A produção de conhecimento e sua comunicação à sociedade não devem ser vistas como atividades concorrentes, mas como dimensões complementares da missão universitária. Fortalecer a extensão e a divulgação científica é fortalecer a própria democracia e ampliar o impacto social dos investimentos públicos em ciência e educação.
Isso não significa substituir o artigo científico tradicional. Pelo contrário: o artigo acadêmico continua sendo a base da validação do conhecimento. O desafio contemporâneo consiste em complementar esse modelo com novas formas de comunicação — vídeos curtos, infográficos, podcasts, redes sociais e recursos baseados em inteligência artificial — capazes de ampliar o impacto social da pesquisa.
No campo da educação, esse desafio é ainda mais relevante.
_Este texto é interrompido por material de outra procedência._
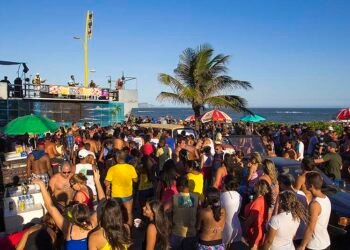 Do trio elétrico, a Batukada Brasil, agita os foliões na praia dos Cavaleiros, em Macaé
Em um ambiente saturado por informações e algoritmos, formar cidadãos capazes de interpretar evidências e distinguir fatos de opiniões tornou-se parte essencial da missão educacional.
O editorial da Nature traz, portanto, uma importante lição para universidades, agências de fomento e instituições científicas brasileiras: produzir conhecimento é fundamental, mas garantir sua circulação qualificada junto à sociedade é igualmente estratégico.
O Brasil precisa não apenas de mais ciência, mas também de melhor comunicação científica.
Nesse contexto, iniciativas de divulgação qualificada, como as desenvolvidas pelo IVEPESP, contribuem para fortalecer a cultura científica, ampliar o debate público baseado em evidências e aproximar a produção acadêmica das necessidades reais da sociedade.
A ciência do século XXI será cada vez mais aberta, digital e interativa. Cabe às instituições comprometidas com o conhecimento ocupar esses espaços com responsabilidade, credibilidade e compromisso com o interesse público.
O editorial da Nature lança um alerta global que encontra especial ressonância no Brasil. Se desejamos uma sociedade mais informada, inovadora e baseada em evidências, será necessário reequilibrar nossos sistemas de avaliação acadêmica, valorizando não apenas a excelência na produção científica, mas também a capacidade de comunicar conhecimento, promover cultura científica e estabelecer pontes permanentes entre universidade e sociedade.
Em um país marcado por profundas desigualdades educacionais e científicas, aproximar ciência e sociedade não é apenas uma estratégia de comunicação: é uma política pública essencial para o desenvolvimento nacional.